A. Our Contributions are Fourfold
1) Formal threat model that identifies attack surface across seven memory layers (raw text, embeddings, summaries, derived entities, tool transcripts, neighborhoods, context)
2) Multi-layer deletion architecture with novel techniques for embedding neighborhood reweighting and cryptographic deletion receipts, achieving 94% robustness with < 3% utility loss
3) Comprehensive attack library including membership inference, paraphrase retrieval, neighbor leakage, transcript analysis, and story completion—each grounded in realistic adversarial scenarios
4) ForgetAgentBench, an open benchmark with 500 synthetic interactions, multiple baseline implementations, and reproducible evaluation protocols
Our empirical results demonstrate that naive deletion is catastrophically weak (18% robustness) and that defense-in-depth is essential. In our benchmark, neighborhood effects emerge as the strongest attack surface, followed by paraphrase-based semantic reconstruction.

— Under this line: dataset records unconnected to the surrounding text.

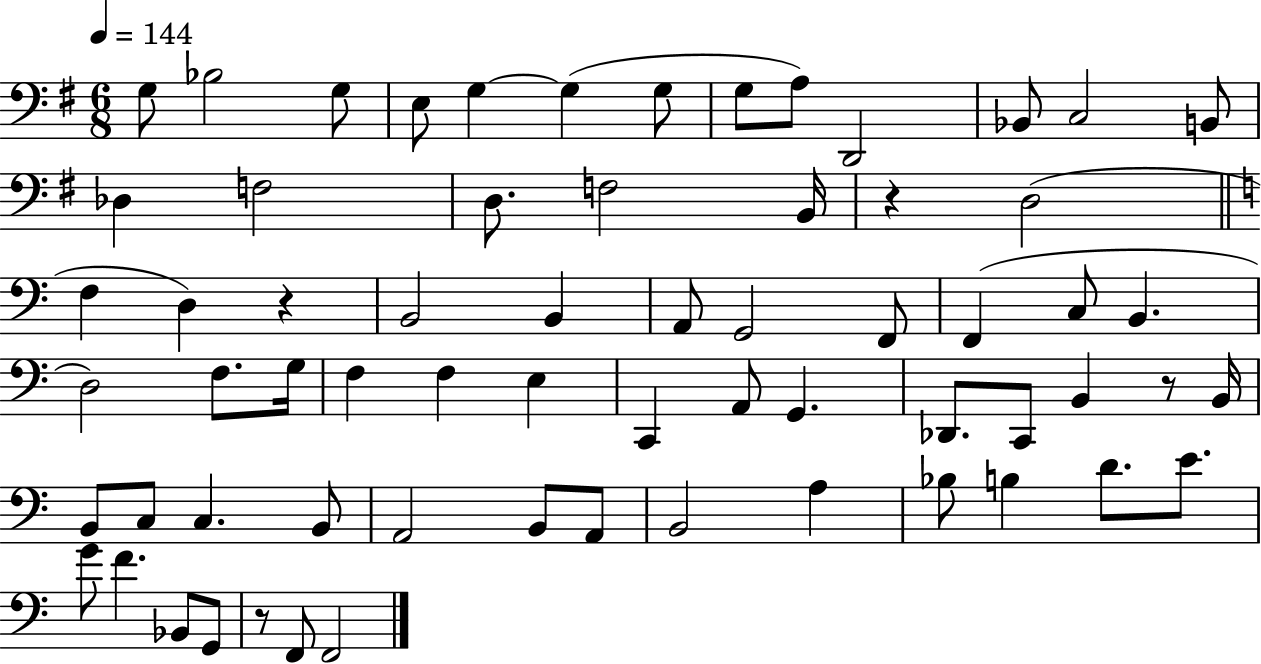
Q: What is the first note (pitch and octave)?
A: G3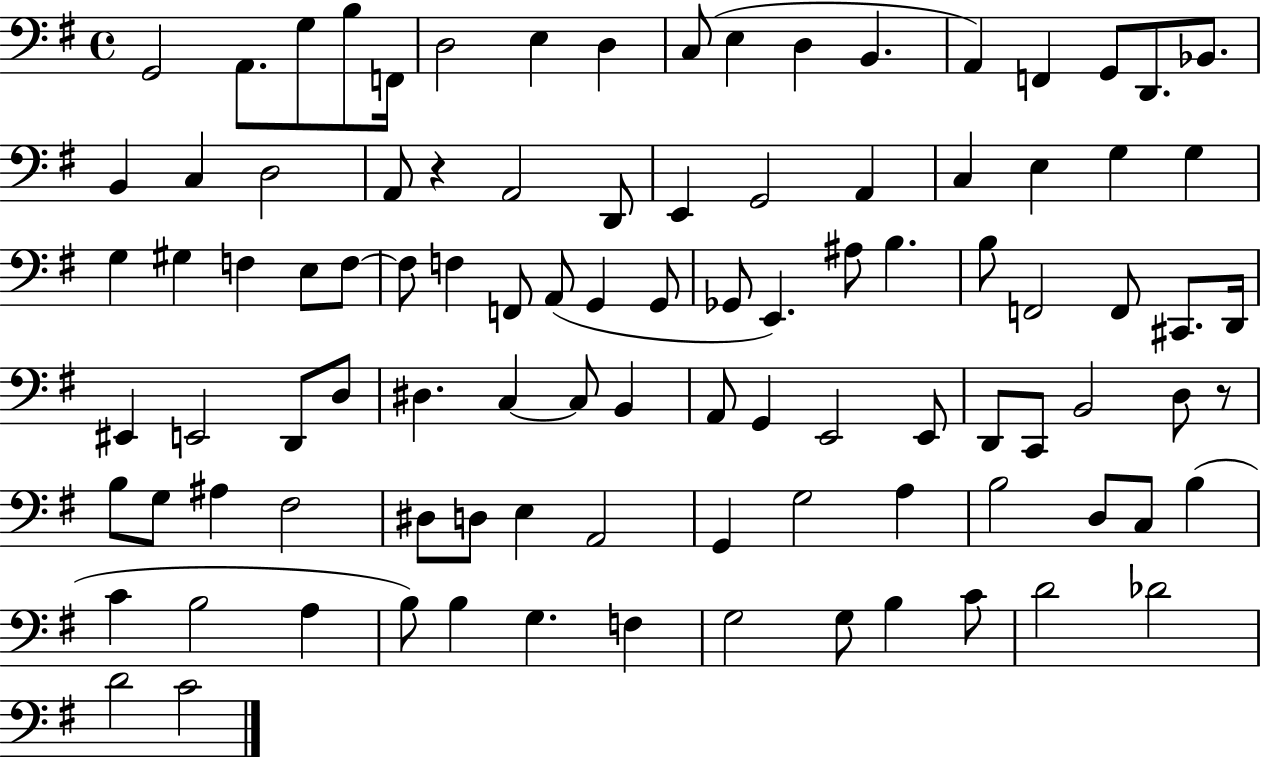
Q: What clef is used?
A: bass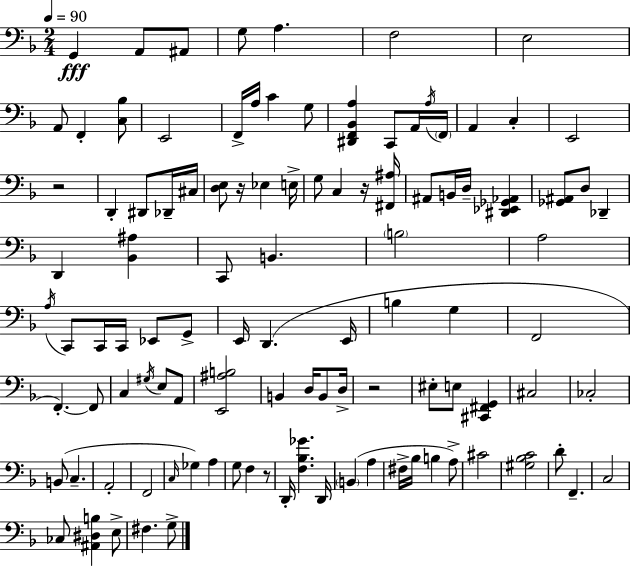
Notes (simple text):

G2/q A2/e A#2/e G3/e A3/q. F3/h E3/h A2/e F2/q [C3,Bb3]/e E2/h F2/s A3/s C4/q G3/e [D#2,F2,Bb2,A3]/q C2/e A2/s A3/s F2/s A2/q C3/q E2/h R/h D2/q D#2/e Db2/s C#3/s [D3,E3]/e R/s Eb3/q E3/s G3/e C3/q R/s [F#2,A#3]/s A#2/e B2/s D3/s [D#2,Eb2,Gb2,Ab2]/q [Gb2,A#2]/e D3/e Db2/q D2/q [Bb2,A#3]/q C2/e B2/q. B3/h A3/h A3/s C2/e C2/s C2/s Eb2/e G2/e E2/s D2/q. E2/s B3/q G3/q F2/h F2/q. F2/e C3/q G#3/s E3/e A2/e [E2,A#3,B3]/h B2/q D3/s B2/e D3/s R/h EIS3/e E3/e [C#2,F#2,G2]/q C#3/h CES3/h B2/e C3/q. A2/h F2/h C3/s Gb3/q A3/q G3/e F3/q R/e D2/s [F3,Bb3,Gb4]/q. D2/s B2/q A3/q F#3/s Bb3/s B3/q A3/e C#4/h [G#3,Bb3,C4]/h D4/e F2/q. C3/h CES3/e [A#2,D#3,B3]/q E3/e F#3/q. G3/e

This work is the first to systematically address memory deletion in agents as a distinct problem from model unlearning. By establishing formal verification protocols, practical baselines, and open benchmarks, we aim to make verifiable deletion a standard requirement for trustworthy agent deployment.
As autonomous agents become increasingly prevalent in enterprise and consumer applications, the ability to reliably delete user data is not an optional feature—it is a prerequisite for responsible AI. We hope ForgetAgent enables this critical capability and opens new research directions at the intersection of privacy, unlearning, and agent verification.